GOAL OF THE EXERCISE = Copy exactly the lines from the line holding "Photo - 207 N Santa Fe Ave Unit 1" through the end of the material, and no others; pictures stay out.

INFORMATION PROVIDED =
---

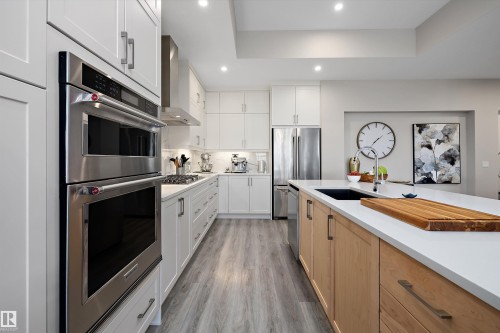 166 Edgewater Circle, Leduc, AB - Indoor Photo Showing Kitchen With Upgraded Kitchen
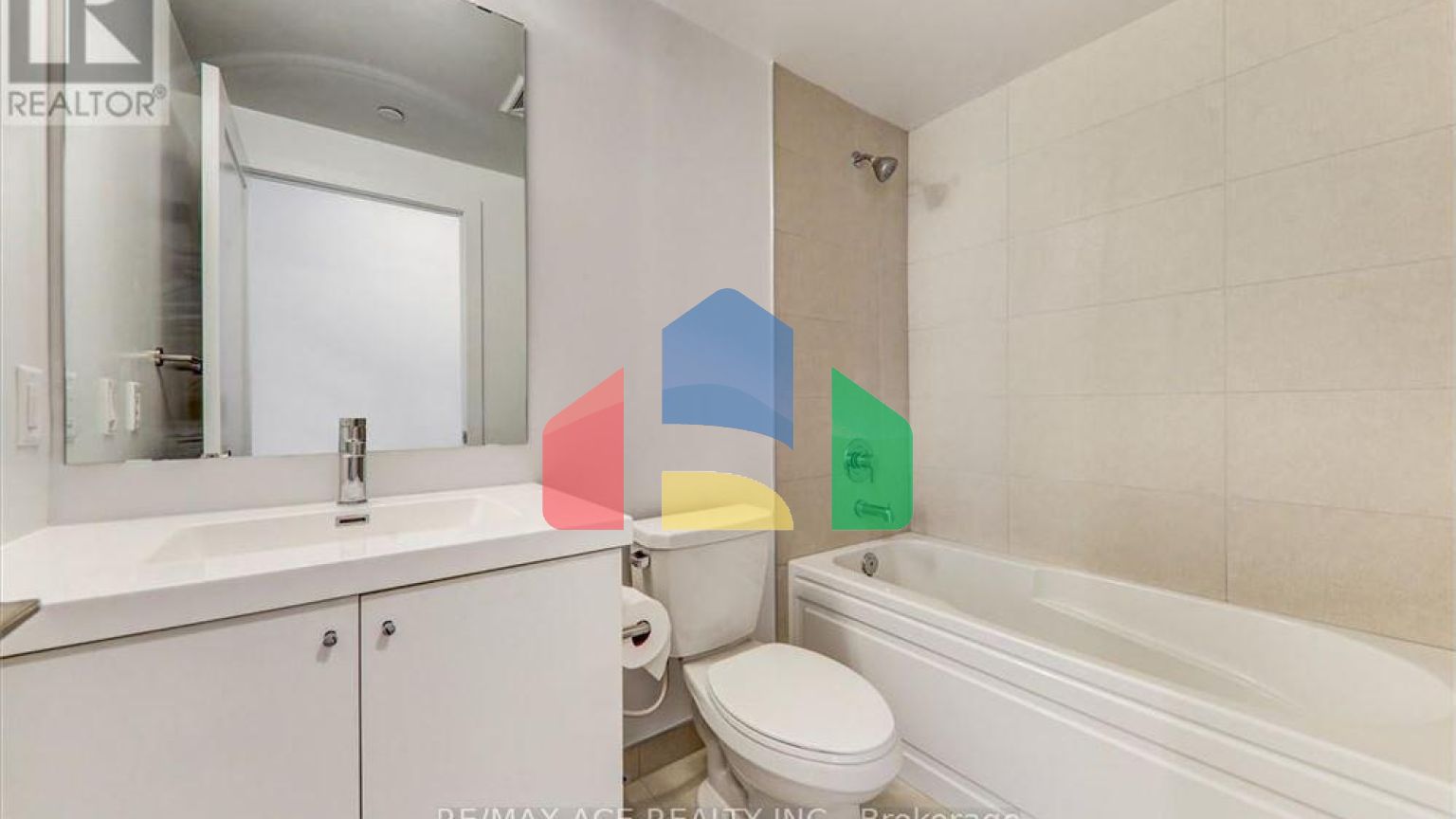 Residential - Condo/Apartment - Oshawa, Canada - Canada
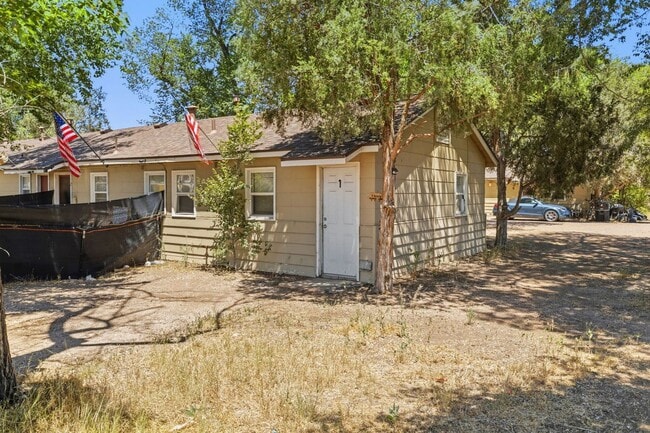 Photo - 207 N Santa Fe Ave Unit 1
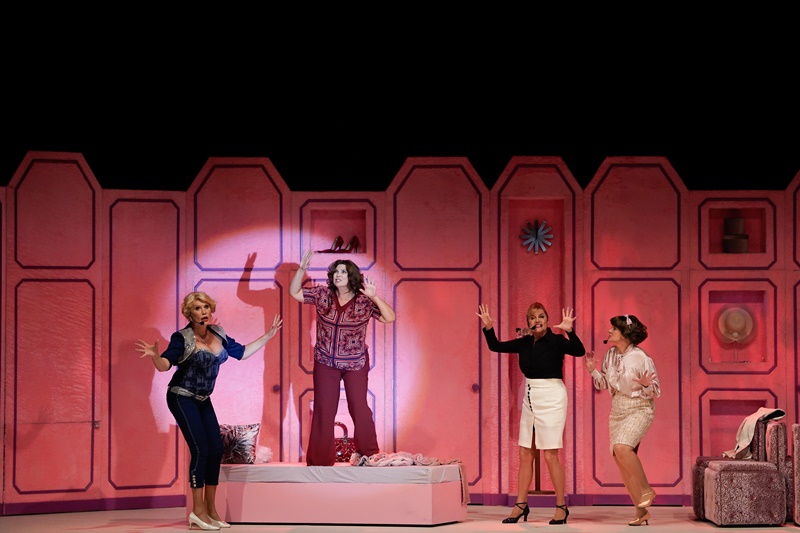 Ludilo u Splitu za “Menopauzom”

---

YOUR SOLUTION =
 Photo - 207 N Santa Fe Ave Unit 1
 Ludilo u Splitu za “Menopauzom”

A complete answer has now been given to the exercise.